◆ About this exercise
Only the lines from the line containing "Vintage Art Deco" through the final line of the entries should be printed, exactly as given, with the pictures left out.
** Opening Excerpted records block **
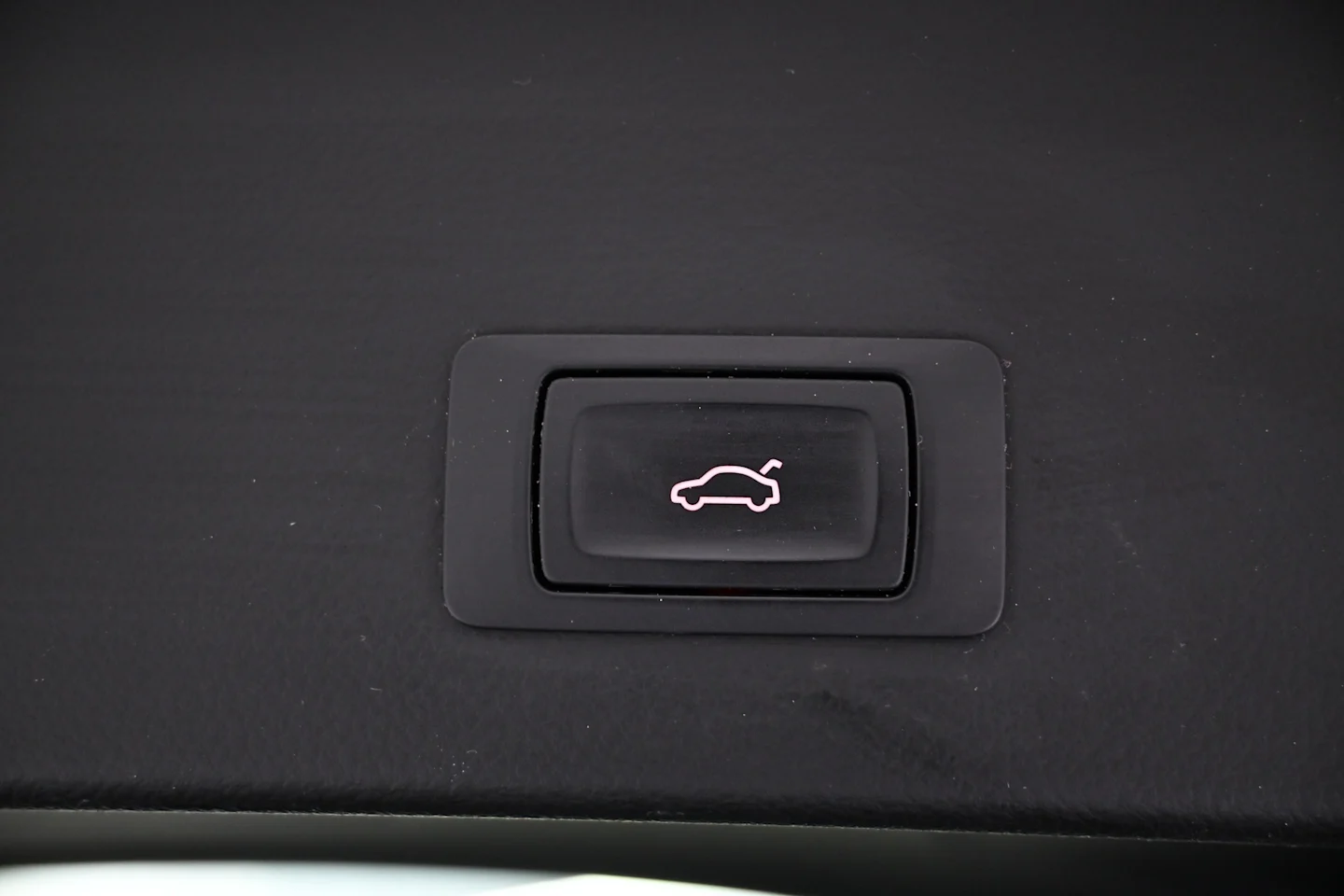 Car Image - 1cnrSrhVEflOorpfUtQqtZ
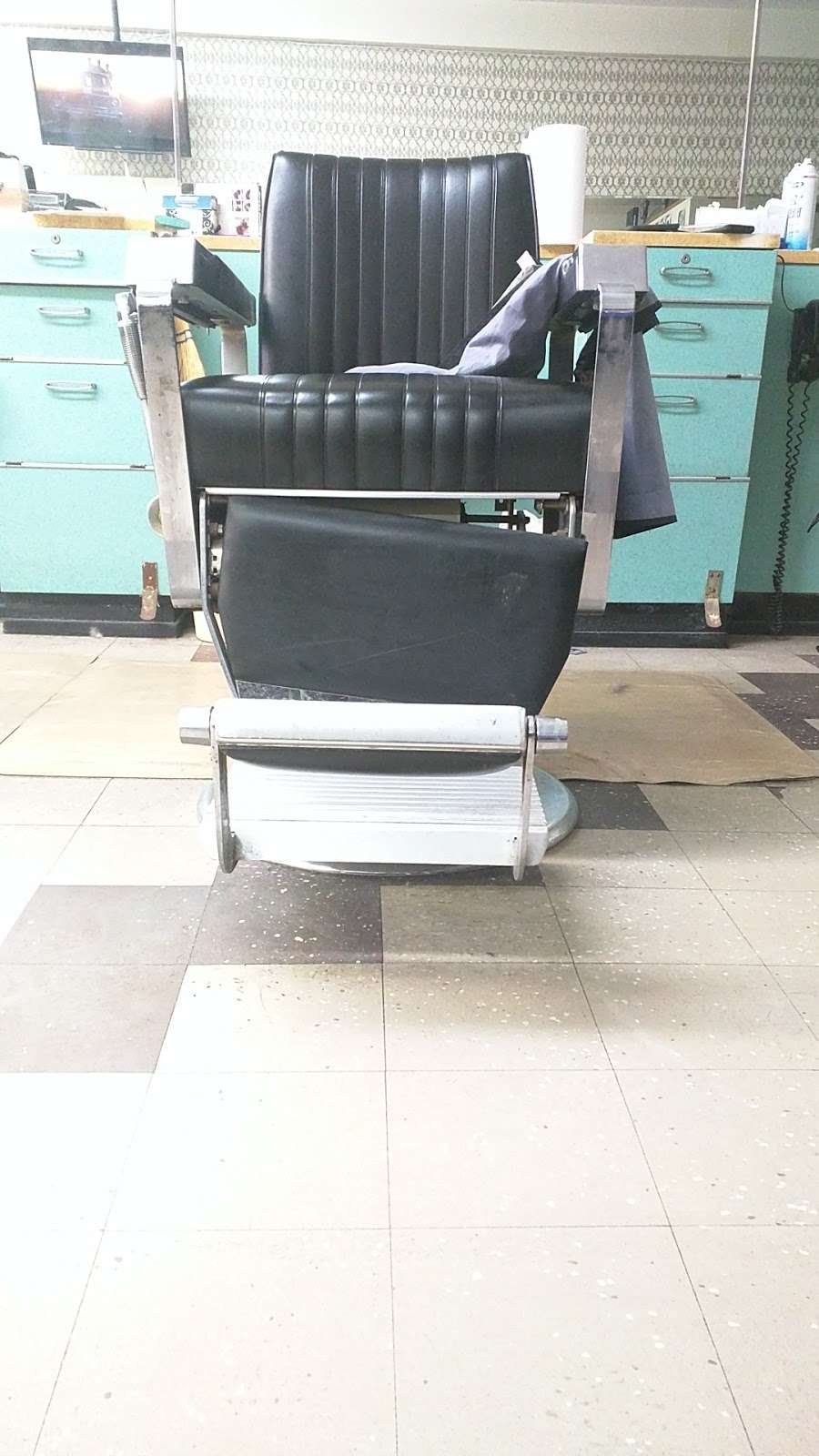 Howard California Barber | 2819 Howard St, Chicago, IL 60645, USA | Phone: (773) 761-3656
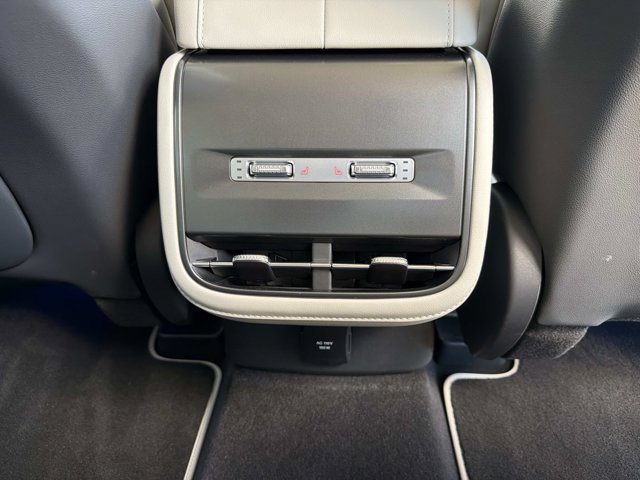 New 2026 Lincoln Nautilus Reserve AWD/4WD image 23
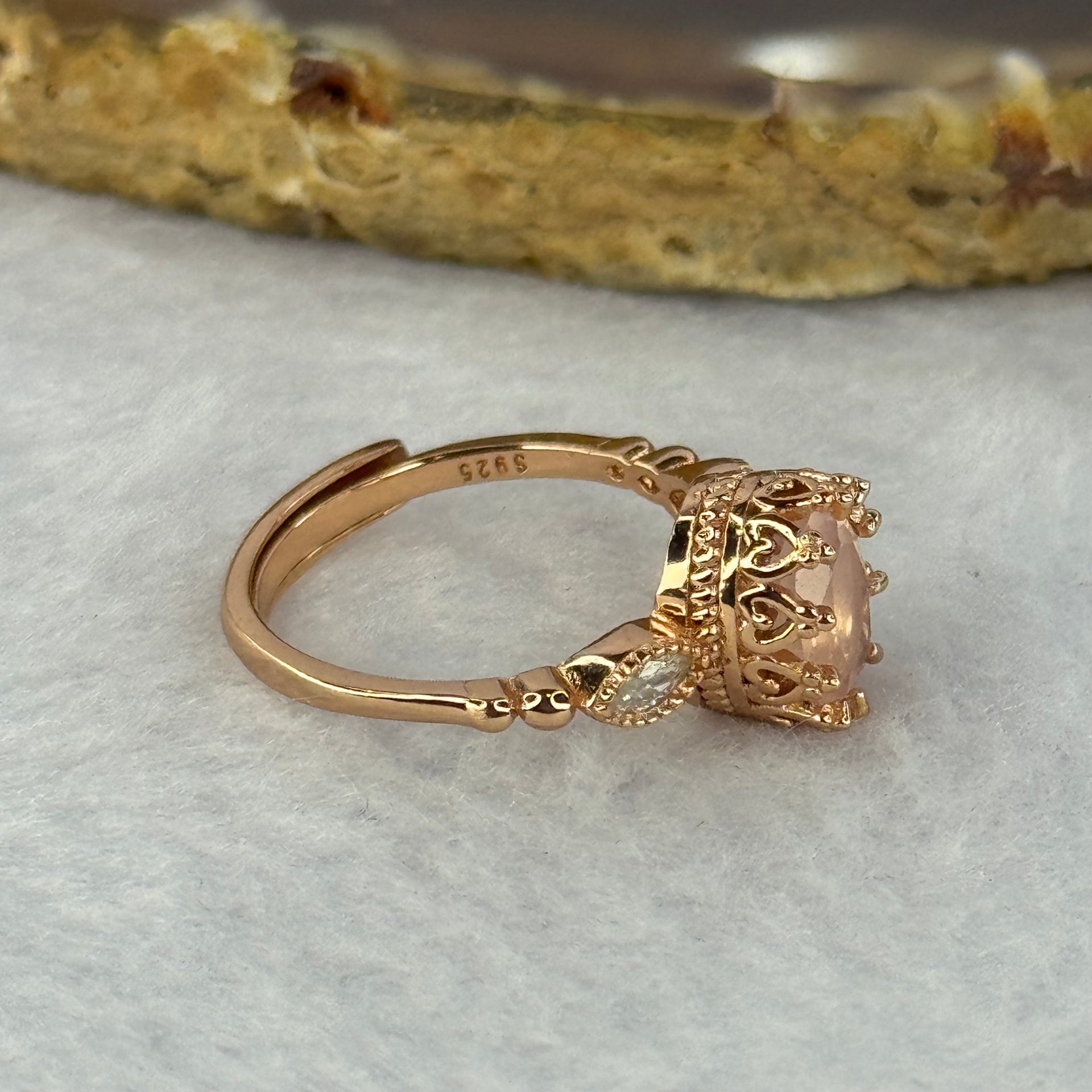 Natural Pink Morganite In 925 Sliver Rose Gold Colour Ring (Adjustable Size) 2.84g 8.1 by 6.5 by 4.0mm - Huangs Jadeite and Jewelry Pte Ltd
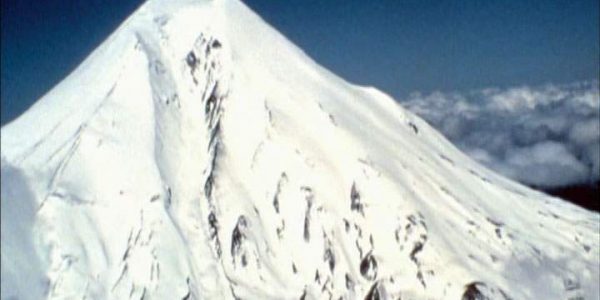 دانلود مستند کوه سینت هلنس از مجموعه آفرینش زمین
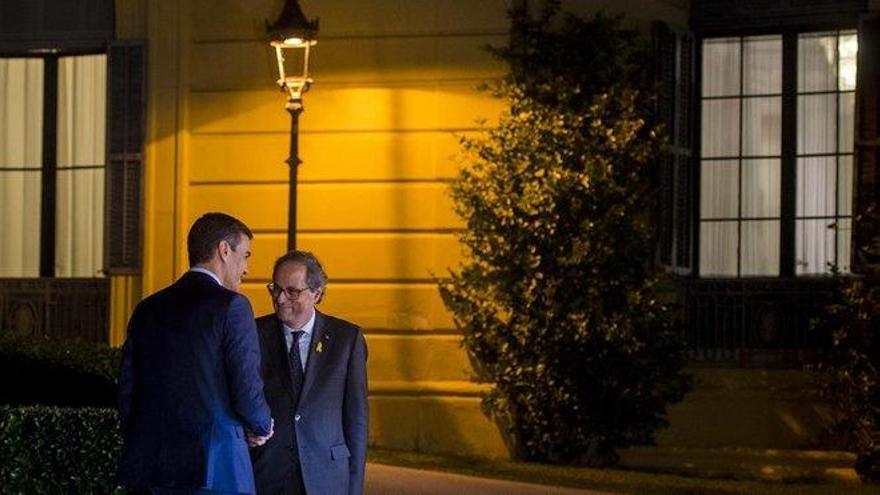 Un presidente del Gobierno visita el Palacio de la Generalitat trece años después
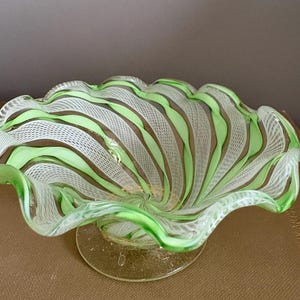 Zanfirico/Latticino design Italian glass bowl, ruffled edge, intricate white filigree pattern, ribbon bowl, MURANO, glass lover, candy dish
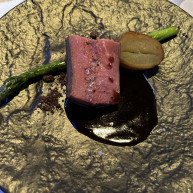 メインのお肉料理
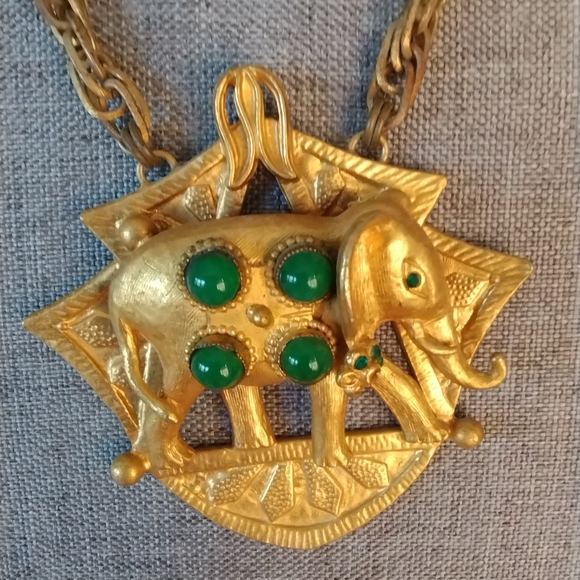 Vintage Art Deco Style Elephant Cabochon Jeweled Necklace - Picture 7 of 13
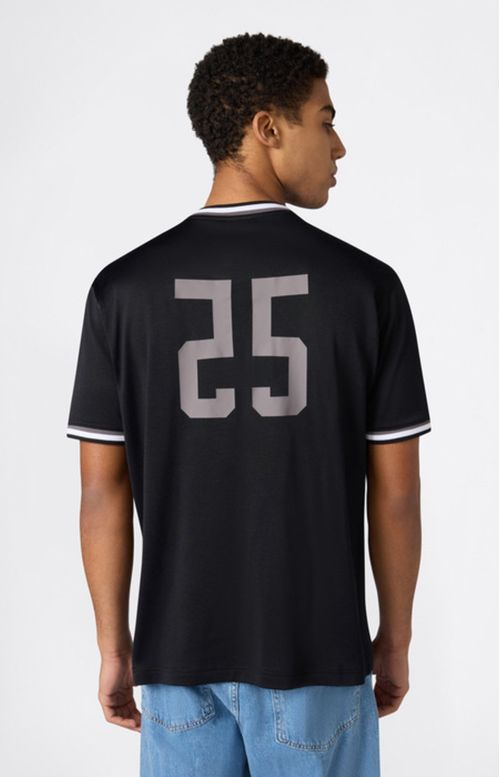 Remera de inspiración fútbol para hombre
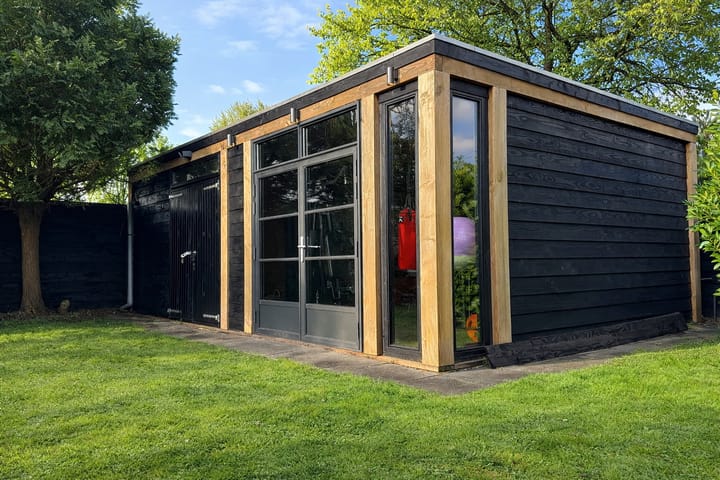 Photo 39 of Zuster Claassenhof 21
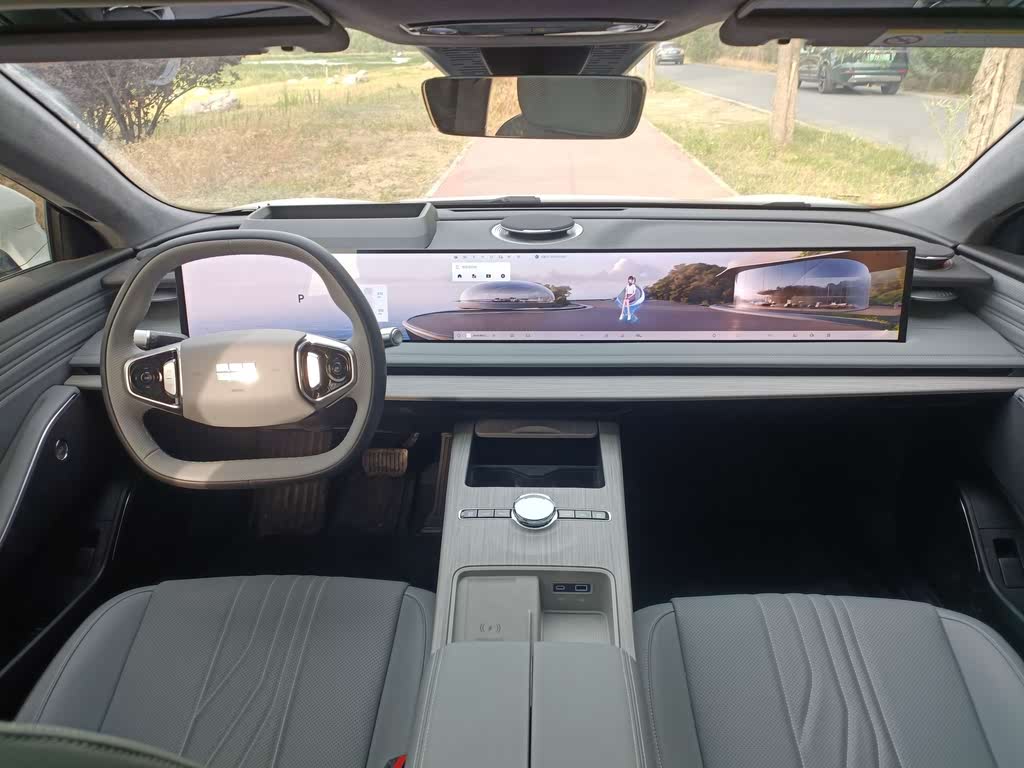 Galaxy E8 2024 550 km RWD Max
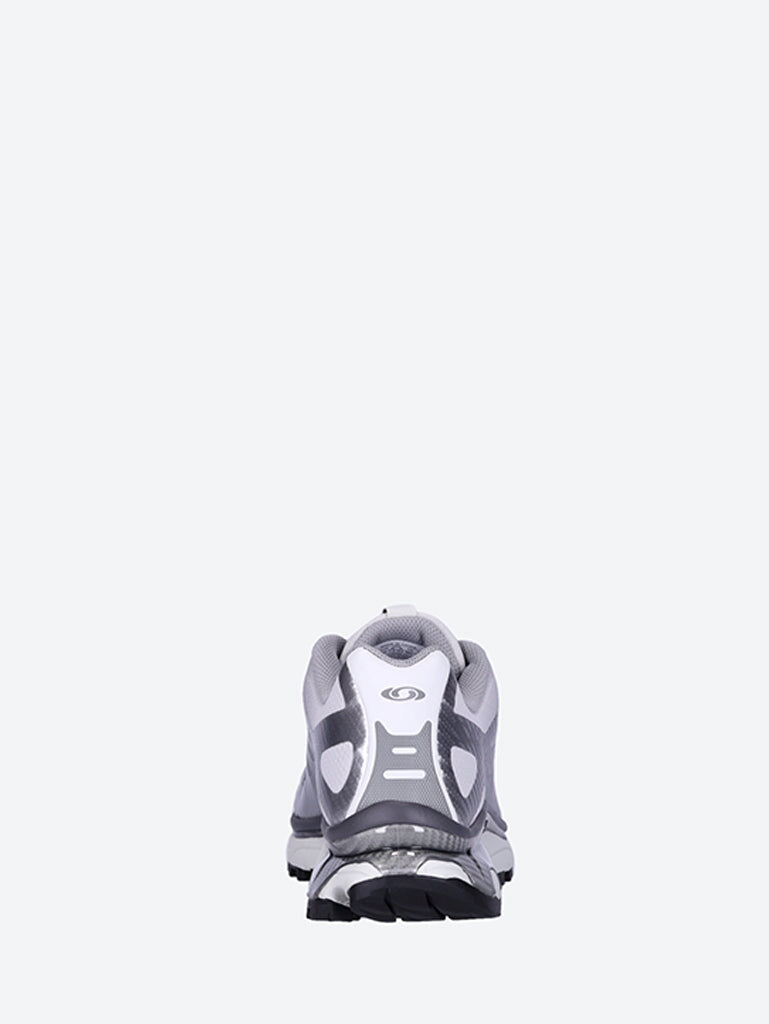 Xt-4 und Sneaker 5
** Closing Excerpted records block **
◆ Solution
 Vintage Art Deco Style Elephant Cabochon Jeweled Necklace - Picture 7 of 13
 Remera de inspiración fútbol para hombre
 Photo 39 of Zuster Claassenhof 21
 Galaxy E8 2024 550 km RWD Max
 Xt-4 und Sneaker 5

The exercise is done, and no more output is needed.